Part II: The Skeleton Coast and the End of Our Journey
There is a lot to be said for wide-open spaces, especially when you're traveling with a good mate, a solid 4x4, and no particular schedule. You can kick that up a notch if those wide-open spaces are in the wilds of southern Africa. The previous two weeks had taken us from Cape Town, South Africa, to the red sands of Sossusvlei. We'd been camping under the stars in the African backcountry, searching out the remote two-tracks and indigenous wildlife. We were two weeks into a month-long African road trip, and we had just restocked our supplies and were heading north to find what people had said to us was the "real Africa" - a place where anything with a pulse and on foot is part of the food chain.
The ribbon of land from the Swakopmund to the Angola border, coined the Skeleton Coast, receives less than 1 inch of precipitation per year, most of it in the form of dew from coastal fog. Through the centuries, oceanic and atmospheric conditions, which form heavy fog and an onshore breeze, have sent hundreds of ships to their demise, running aground and breaking up in the pounding surf. Castaways who scrambled to the shore would think they were saved when they found the encampments of previous castaways. The sobering reality of their predicament became clear when they also found the half-buried, bone-clean skeletons of the previous occupants scattered about the dunes.

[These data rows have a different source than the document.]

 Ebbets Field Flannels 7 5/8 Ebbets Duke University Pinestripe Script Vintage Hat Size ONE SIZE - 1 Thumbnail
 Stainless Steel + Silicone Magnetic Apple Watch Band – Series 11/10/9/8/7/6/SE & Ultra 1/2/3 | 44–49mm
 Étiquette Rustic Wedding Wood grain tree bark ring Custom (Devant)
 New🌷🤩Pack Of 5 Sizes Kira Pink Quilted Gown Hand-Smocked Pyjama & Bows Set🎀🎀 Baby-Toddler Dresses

Travel up the coast is restricted to private tours, but our maps indicated a track east through the coastal range. We decided to take our chances and renegade it. As we lurched forward, a stiff gale blew in from the coast, whipping up foam from the surf and turning the horizon into a vast sandstorm. We found a faint sand track leading inland toward the Hoanib River and followed it for several miles. The wind was blowing ferociously when we reached the dry Hoanib riverbed. Alone, without a winch and the track becoming less visible, we recounted the tales of the castaways and opted for a more established route to the south.

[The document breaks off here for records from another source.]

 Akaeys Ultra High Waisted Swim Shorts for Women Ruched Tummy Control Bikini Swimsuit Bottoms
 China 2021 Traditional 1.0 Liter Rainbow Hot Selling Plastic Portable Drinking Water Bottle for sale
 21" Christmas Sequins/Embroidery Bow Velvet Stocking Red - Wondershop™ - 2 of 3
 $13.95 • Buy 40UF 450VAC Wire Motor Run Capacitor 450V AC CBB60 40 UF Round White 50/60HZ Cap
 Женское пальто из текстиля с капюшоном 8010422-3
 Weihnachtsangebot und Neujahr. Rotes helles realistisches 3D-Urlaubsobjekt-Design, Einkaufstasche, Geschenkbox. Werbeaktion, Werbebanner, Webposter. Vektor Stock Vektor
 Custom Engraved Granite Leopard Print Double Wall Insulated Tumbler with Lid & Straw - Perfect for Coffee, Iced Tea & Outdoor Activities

The Hoanib and Huarusib rivers are home to the desert elephant and the rare black rhinoceros. Sorting through a dozen sand tracks from the village of Sesfontein, we found one that would lead us to the Hoanib. Blending with the vertical lines of the trees, giraffes plucked at the thorny branches of camelthorn acacias while baboons sat in the shade, picking lice and combing each other's hair. Within an hour, as shadows stretched long in the canyon, we were face to face with a family of desert elephants. Two months earlier, an Italian tourist was reportedly stomped flat as a pizza by an aggravated bull. We stopped in our tracks and waited for them to pass. Meandering down the riverbank, they took little notice of us as they lumbered by.